Data for this exercise:
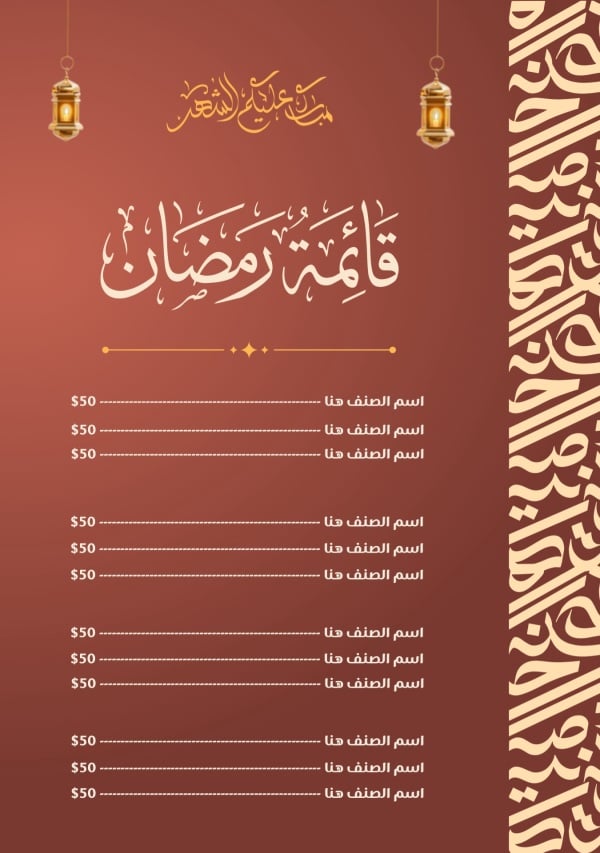Design Ramadan Food Menu, download and edit for free design template - Ramadan, Food Menu from the Andalusi design app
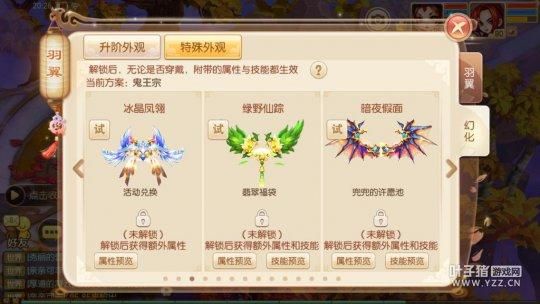梦幻诛仙手游观音在哪(梦幻诛仙手游官网新区)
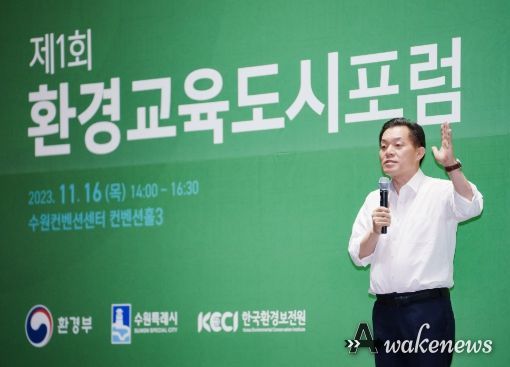 이재준 수원시장이 기조강연을 하고 있다.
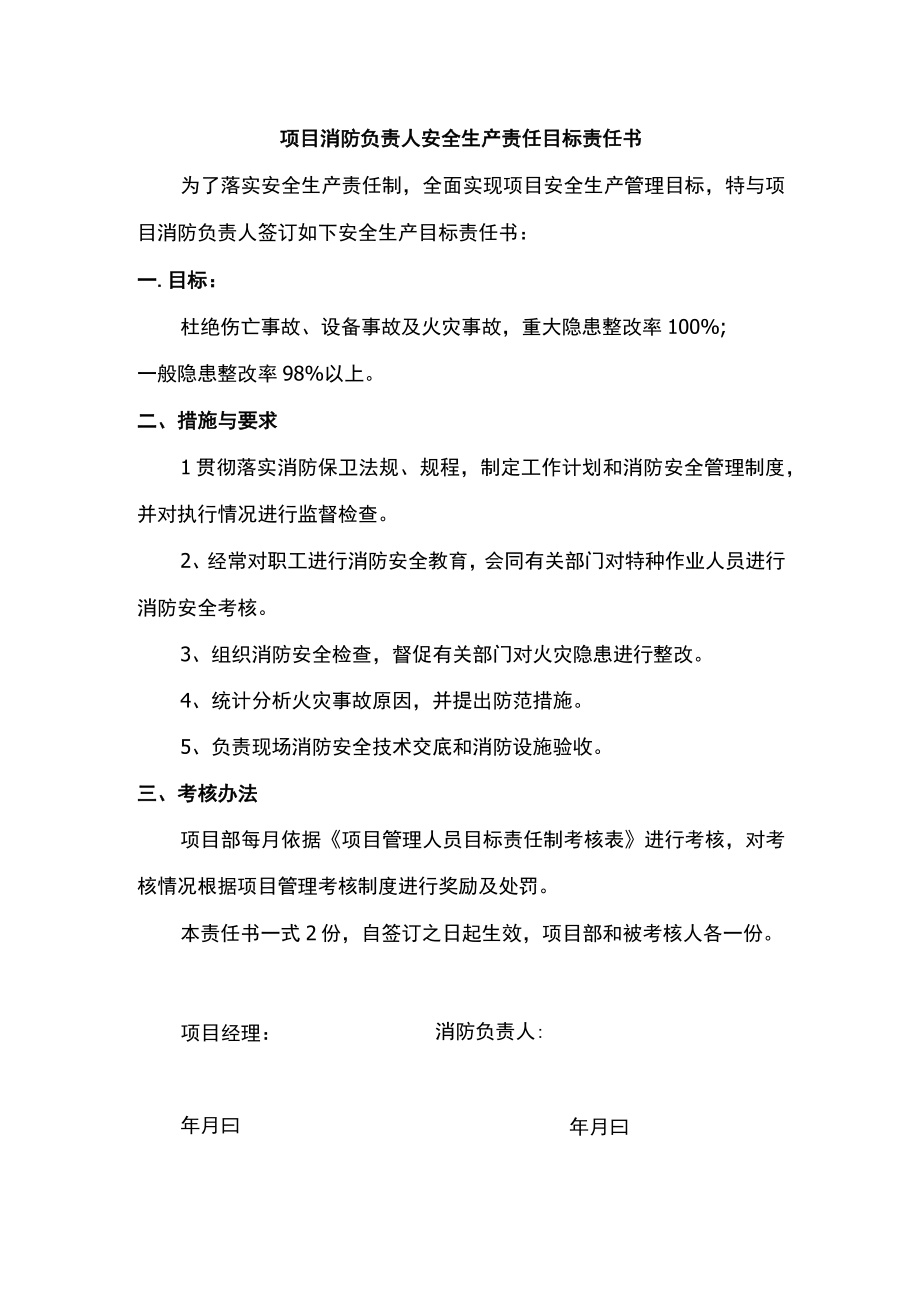 项目消防负责人安全生产责任目标责任书.docx_第1页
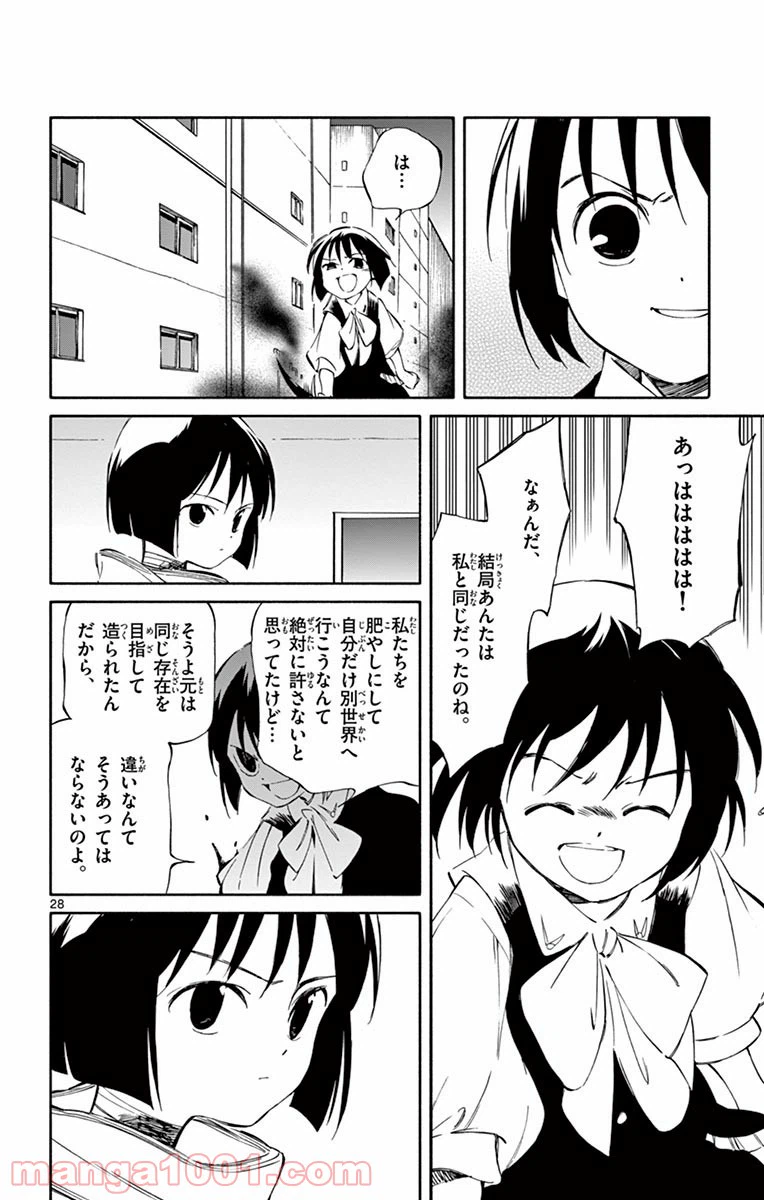 ページ 28 — 第52話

What is needed: The listing should be transcribed in full, exactly, and without its pictures.

Answer space:
Design Ramadan Food Menu, download and edit for free design template - Ramadan, Food Menu from the Andalusi design app
梦幻诛仙手游观音在哪(梦幻诛仙手游官网新区)
 이재준 수원시장이 기조강연을 하고 있다.
 项目消防负责人安全生产责任目标责任书.docx_第1页
 ページ 28 — 第52話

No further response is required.